L’ONG fa raccomandazioni anche per i separatisti:
“È auspicabile che i separatisti rinuncino alla propria strategia delle città morte di lunedì e al boicottaggio delle scuole e che escludano dalle proprie fila combattenti responsabili di crimini contro i civili”.
Proprio queste sono le proposte che avanzano molti membri della popolazione civile. Secondo loro, azioni simili sono il presupposto per il dialogo tra i blocchi contrapposti. Moussa Njoya spiega:
“Nell’attuale situazione tesa dal punto di vista sociale e politico, il governo camerunense potrebbe dimostrare un po’ di buona volontà. Per disinnescare la situazione, potrebbe rimettere in libertà molte personalità che hanno partecipato alla crisi come Mancho BBC, Ayuk Tabe e altri leader anglofoni arrestati a partire dal 2017.
Sarebbe buona cosa se la maggioranza dei separatisti gettasse le armi e si avviasse verso la normalizzazione del conflitto.

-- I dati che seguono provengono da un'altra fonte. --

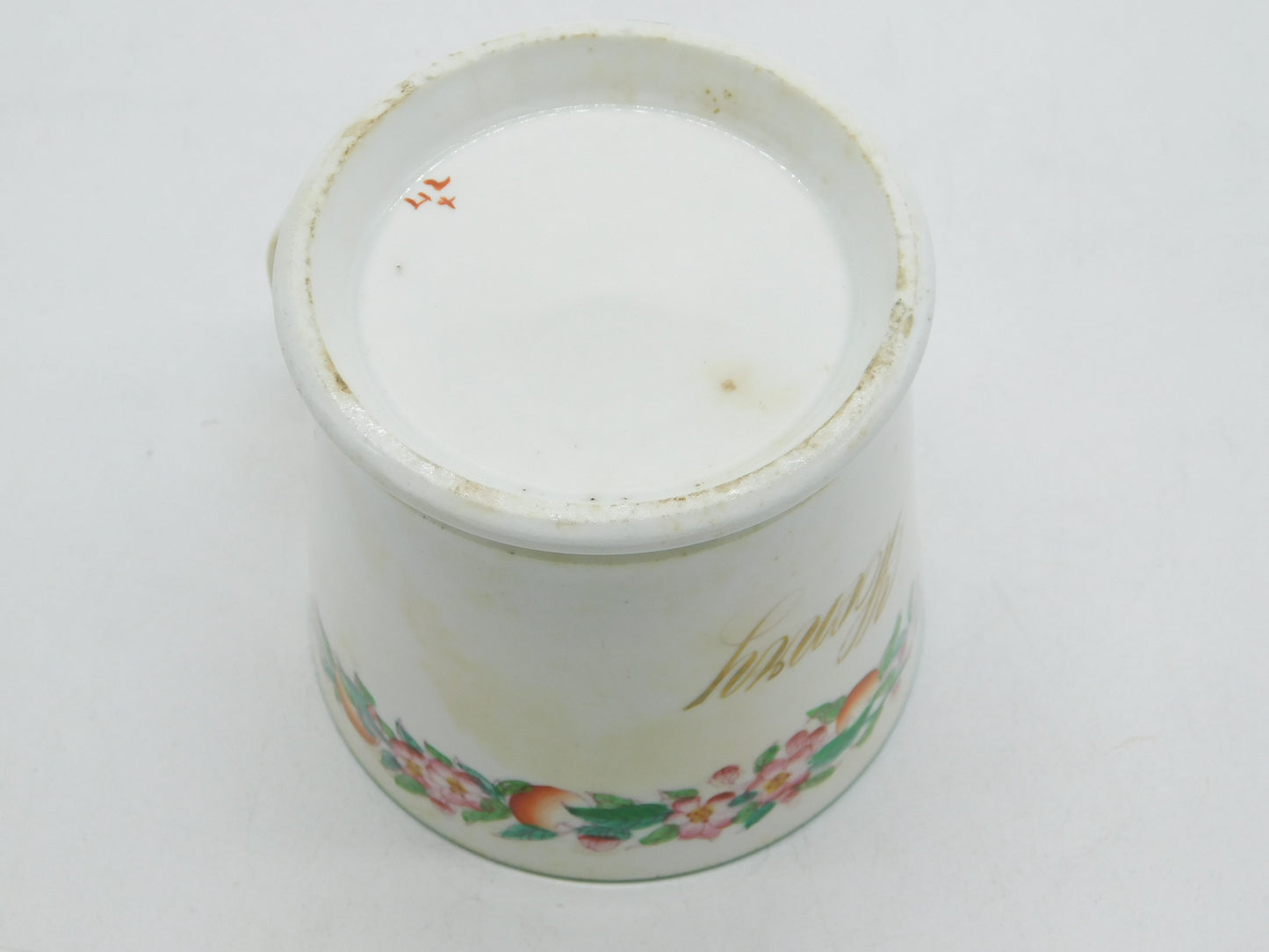 19th Century English Pearlware Floral Glaze 'Henry' Christening Cup Antique 1850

Ma, com’è noto, molti ci guadagnano dal conflitto: rapiscono persone e chiedono un riscatto, impongono tasse ai civili. Nei territori colpiti dalla crisi i combattenti si impossessano di automobili e case in nome della lotta comune”, constata Moussa Njoya.
Gli autori del rapporto non si limitano alle raccomandazioni e invitano la comunità internazionale ad imporre una serie di sanzioni contro chi non sia intenzionato a dialogare:
“È auspicabile che l’Unione europea e gli USA prendano in considerazione l’imposizione di sanzioni contro gli alti funzionari e ufficiali che continuano ad ostacolare il dialogo (divieto di lasciare i confini, congelamento delle proprietà), nonché contro i separatisti che sono a favore della violenza e creano le condizioni perché proliferi (procedimenti penali). Sarebbe buona cosa se il Tribunale penale internazionale avviasse delle indagini preliminari sulle violazioni commesse da membri di entrambi i blocchi con l’obiettivo di dimostrare che il protrarsi delle violenze avrà conseguenze giuridiche”, propone l’ONG.

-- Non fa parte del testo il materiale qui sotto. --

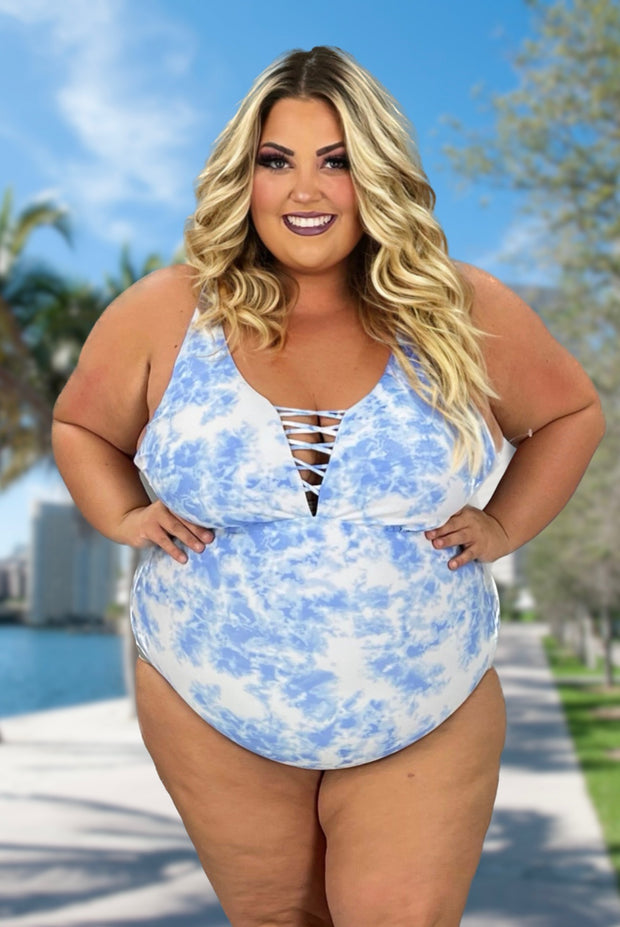 SWIM-I {Water And Waves} Blue Tie Dye One Piece Swimsuit PLUS SIZE 1X –  Curvy Boutique Plus Size Clothing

Quanto alle pressioni che la comunità internazionale potrebbe esercitare sul Camerun più di quanto non stia facendo oggi, l’esperto di sicurezza Joseph Lea Ngoula osserva che si potrebbero coinvolgere le autorità camerunensi per risolvere la situazione di altri partner ad oggi ignorati, come Russia e Cina.

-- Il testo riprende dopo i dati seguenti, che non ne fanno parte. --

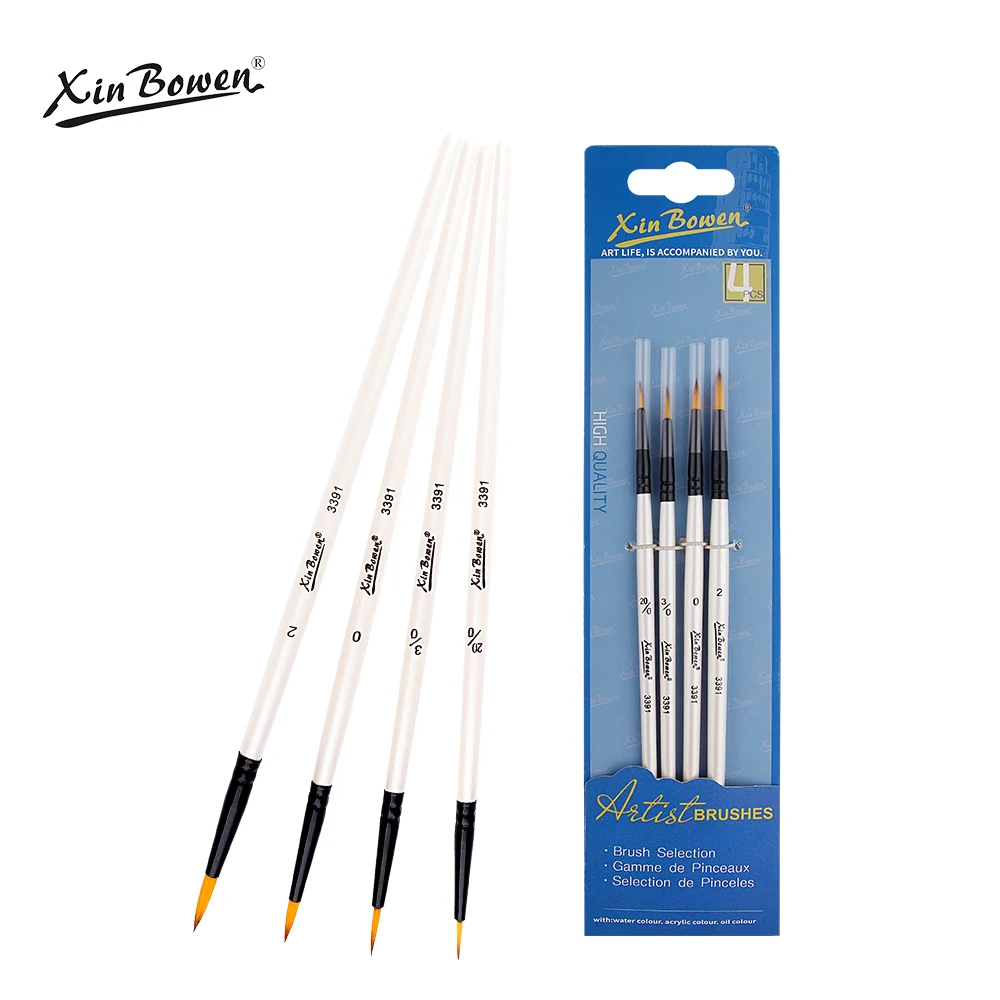 Xin Bowen 4PCS Paintbrushes Kit Mini Round Head Fine Paint Brushes Set Detail Painting Brushes With Nylon Hair Wood Handle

“Nel rapporto il ruolo dei partner occidentali viene sottolineato con attenzione. Sembrerebbe, però, che gli autori del rapporto si fossero dimenticati di Russia e Cina, membri permanenti del Consiglio di sicurezza. Nei prossimi mesi entrambe queste nazioni svolgeranno un ruolo attivo nella risoluzione della questione camerunense in sede ONU. Sembra che Yaoundé veda in essi degli alleati e che si affidi sempre di più a loro per contrastare le pressioni esercitate dalle nazioni occidentali. È altamente probabile che Yaoundé inviti entrambi i Paesi e a compensare la riduzione degli aiuti forniti dai Paesi occidentali e ad opporsi all’inclusione della questione camerunense nell’ordine del giorno del Consiglio di sicurezza. Probabilmente, alla Russia piacerà svolgere questo ruolo. Dopotutto, la Russia desidera ripristinare le sue posizioni in Africa”, osserva Joseph Lea Ngoula.
“Continuiamo a sperare che il governo camerunense e i partner impegnati per lo sviluppo del Paese prestino attenzione al contenuto del rapporto. È sempre possibile trarre insegnamenti da documenti di questo tipo. Per questo, mi dispiaccio della reazione contenuta del governo camerunense ogni volta che viene pubblicato un rapporto che invita a mantenere l’ordine. Sarebbe meglio se il governo ne traesse il meglio e ignorasse ciò che, a suo parere, non corrisponde alla realtà. Tutto dipende dalla volontà delle autorità di Yaoundé, ma in tal senso sono pessimista”, ha concluso Moussa Njoya.